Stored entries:
"""

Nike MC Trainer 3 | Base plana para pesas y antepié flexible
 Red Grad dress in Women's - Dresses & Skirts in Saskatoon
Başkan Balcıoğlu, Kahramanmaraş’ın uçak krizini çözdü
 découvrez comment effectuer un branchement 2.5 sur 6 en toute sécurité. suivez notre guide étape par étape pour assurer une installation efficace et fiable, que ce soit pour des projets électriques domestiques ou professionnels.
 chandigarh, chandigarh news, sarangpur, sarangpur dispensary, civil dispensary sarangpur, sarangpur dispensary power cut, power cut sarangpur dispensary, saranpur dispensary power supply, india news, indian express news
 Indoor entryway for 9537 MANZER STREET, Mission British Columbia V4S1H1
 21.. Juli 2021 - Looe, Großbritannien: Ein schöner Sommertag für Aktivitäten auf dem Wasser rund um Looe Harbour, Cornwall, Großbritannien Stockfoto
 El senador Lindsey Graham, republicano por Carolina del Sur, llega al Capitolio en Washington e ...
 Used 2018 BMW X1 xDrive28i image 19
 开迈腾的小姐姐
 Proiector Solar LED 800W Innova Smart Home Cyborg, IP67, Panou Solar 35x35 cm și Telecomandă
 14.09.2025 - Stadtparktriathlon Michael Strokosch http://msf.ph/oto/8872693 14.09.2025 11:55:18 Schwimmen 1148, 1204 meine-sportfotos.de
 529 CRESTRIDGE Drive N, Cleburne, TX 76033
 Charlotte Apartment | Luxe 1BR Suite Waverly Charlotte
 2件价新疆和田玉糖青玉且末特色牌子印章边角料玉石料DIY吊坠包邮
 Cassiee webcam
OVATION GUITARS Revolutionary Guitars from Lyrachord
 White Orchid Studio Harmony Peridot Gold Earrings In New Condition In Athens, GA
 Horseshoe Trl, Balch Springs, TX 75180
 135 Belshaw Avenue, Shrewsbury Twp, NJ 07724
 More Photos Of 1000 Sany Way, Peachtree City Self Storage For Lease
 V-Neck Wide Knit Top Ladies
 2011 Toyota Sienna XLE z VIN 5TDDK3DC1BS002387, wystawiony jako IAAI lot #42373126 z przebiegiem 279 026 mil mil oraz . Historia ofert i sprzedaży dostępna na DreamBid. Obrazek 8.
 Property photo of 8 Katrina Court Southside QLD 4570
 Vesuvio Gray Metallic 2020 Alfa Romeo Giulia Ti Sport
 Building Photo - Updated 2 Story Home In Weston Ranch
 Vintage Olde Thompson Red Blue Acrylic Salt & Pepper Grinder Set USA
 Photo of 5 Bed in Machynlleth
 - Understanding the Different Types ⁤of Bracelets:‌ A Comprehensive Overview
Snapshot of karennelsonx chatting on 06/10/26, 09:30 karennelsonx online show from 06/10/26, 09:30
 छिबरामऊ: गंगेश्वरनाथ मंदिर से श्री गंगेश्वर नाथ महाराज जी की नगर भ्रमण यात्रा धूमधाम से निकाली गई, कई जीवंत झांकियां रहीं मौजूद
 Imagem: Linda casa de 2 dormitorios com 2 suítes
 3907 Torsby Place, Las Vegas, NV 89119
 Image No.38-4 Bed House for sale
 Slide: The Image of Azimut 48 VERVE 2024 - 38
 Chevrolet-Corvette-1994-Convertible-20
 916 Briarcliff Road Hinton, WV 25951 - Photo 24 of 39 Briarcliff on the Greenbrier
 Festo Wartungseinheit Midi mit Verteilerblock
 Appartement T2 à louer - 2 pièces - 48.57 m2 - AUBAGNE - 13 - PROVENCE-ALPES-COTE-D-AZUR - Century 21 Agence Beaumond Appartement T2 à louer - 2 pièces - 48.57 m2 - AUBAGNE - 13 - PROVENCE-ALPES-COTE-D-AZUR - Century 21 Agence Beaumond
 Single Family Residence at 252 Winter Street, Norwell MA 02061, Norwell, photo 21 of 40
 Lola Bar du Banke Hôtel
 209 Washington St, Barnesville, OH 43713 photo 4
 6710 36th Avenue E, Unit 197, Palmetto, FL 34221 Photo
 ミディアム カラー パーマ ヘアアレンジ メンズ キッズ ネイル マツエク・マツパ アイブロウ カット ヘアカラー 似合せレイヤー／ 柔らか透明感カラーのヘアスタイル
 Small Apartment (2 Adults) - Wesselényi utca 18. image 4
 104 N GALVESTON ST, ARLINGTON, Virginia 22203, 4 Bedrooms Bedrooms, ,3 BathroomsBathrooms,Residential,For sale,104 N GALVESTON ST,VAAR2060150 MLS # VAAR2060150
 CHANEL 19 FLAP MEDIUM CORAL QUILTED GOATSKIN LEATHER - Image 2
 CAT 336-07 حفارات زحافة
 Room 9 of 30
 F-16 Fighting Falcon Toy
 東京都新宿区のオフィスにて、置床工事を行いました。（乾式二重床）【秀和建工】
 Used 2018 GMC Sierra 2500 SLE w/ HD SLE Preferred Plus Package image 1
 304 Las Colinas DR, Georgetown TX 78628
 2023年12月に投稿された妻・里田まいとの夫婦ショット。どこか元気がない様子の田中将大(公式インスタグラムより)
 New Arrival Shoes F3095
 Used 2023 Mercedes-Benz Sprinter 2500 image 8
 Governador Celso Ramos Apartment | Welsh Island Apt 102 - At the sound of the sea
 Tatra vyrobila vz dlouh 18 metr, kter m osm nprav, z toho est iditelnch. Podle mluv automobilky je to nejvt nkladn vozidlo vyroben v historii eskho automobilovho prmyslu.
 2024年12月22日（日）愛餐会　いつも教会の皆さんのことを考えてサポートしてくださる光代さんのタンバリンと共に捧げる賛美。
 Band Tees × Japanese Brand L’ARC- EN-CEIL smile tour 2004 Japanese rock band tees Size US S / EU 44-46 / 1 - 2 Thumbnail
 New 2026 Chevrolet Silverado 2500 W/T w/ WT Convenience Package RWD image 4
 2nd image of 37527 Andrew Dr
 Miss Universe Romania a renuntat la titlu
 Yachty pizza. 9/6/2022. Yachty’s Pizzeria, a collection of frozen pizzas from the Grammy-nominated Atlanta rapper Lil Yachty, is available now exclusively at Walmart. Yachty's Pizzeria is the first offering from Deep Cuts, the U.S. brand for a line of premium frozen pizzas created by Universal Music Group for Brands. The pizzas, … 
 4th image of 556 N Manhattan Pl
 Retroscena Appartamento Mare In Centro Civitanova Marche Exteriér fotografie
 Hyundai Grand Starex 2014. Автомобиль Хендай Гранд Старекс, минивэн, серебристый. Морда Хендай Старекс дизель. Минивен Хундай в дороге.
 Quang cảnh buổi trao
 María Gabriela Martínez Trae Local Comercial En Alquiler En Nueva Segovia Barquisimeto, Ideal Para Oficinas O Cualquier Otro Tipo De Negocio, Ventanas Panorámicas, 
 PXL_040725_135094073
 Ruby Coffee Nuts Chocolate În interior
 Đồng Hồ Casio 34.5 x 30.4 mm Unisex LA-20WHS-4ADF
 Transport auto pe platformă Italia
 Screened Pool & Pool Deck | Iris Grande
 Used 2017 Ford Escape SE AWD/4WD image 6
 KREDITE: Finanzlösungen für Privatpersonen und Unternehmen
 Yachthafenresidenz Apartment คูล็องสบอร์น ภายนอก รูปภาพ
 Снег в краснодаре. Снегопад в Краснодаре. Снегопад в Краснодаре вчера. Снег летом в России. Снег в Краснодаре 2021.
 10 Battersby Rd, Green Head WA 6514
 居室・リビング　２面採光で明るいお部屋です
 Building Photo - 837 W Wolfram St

"""

*About this task:* Among the entries above, find the line with "2件价新疆和田玉糖青玉且末特色牌子印章边角料玉石料DIY吊坠包邮" and the line with "Festo Wartungseinheit Midi"; give again exactly these two lines and all lines between them.

*Answer to this exercise:*
 2件价新疆和田玉糖青玉且末特色牌子印章边角料玉石料DIY吊坠包邮
 Cassiee webcam
OVATION GUITARS Revolutionary Guitars from Lyrachord
 White Orchid Studio Harmony Peridot Gold Earrings In New Condition In Athens, GA
 Horseshoe Trl, Balch Springs, TX 75180
 135 Belshaw Avenue, Shrewsbury Twp, NJ 07724
 More Photos Of 1000 Sany Way, Peachtree City Self Storage For Lease
 V-Neck Wide Knit Top Ladies
 2011 Toyota Sienna XLE z VIN 5TDDK3DC1BS002387, wystawiony jako IAAI lot #42373126 z przebiegiem 279 026 mil mil oraz . Historia ofert i sprzedaży dostępna na DreamBid. Obrazek 8.
 Property photo of 8 Katrina Court Southside QLD 4570
 Vesuvio Gray Metallic 2020 Alfa Romeo Giulia Ti Sport
 Building Photo - Updated 2 Story Home In Weston Ranch
 Vintage Olde Thompson Red Blue Acrylic Salt & Pepper Grinder Set USA
 Photo of 5 Bed in Machynlleth
 - Understanding the Different Types ⁤of Bracelets:‌ A Comprehensive Overview
Snapshot of karennelsonx chatting on 06/10/26, 09:30 karennelsonx online show from 06/10/26, 09:30
 छिबरामऊ: गंगेश्वरनाथ मंदिर से श्री गंगेश्वर नाथ महाराज जी की नगर भ्रमण यात्रा धूमधाम से निकाली गई, कई जीवंत झांकियां रहीं मौजूद
 Imagem: Linda casa de 2 dormitorios com 2 suítes
 3907 Torsby Place, Las Vegas, NV 89119
 Image No.38-4 Bed House for sale
 Slide: The Image of Azimut 48 VERVE 2024 - 38
 Chevrolet-Corvette-1994-Convertible-20
 916 Briarcliff Road Hinton, WV 25951 - Photo 24 of 39 Briarcliff on the Greenbrier
 Festo Wartungseinheit Midi mit Verteilerblock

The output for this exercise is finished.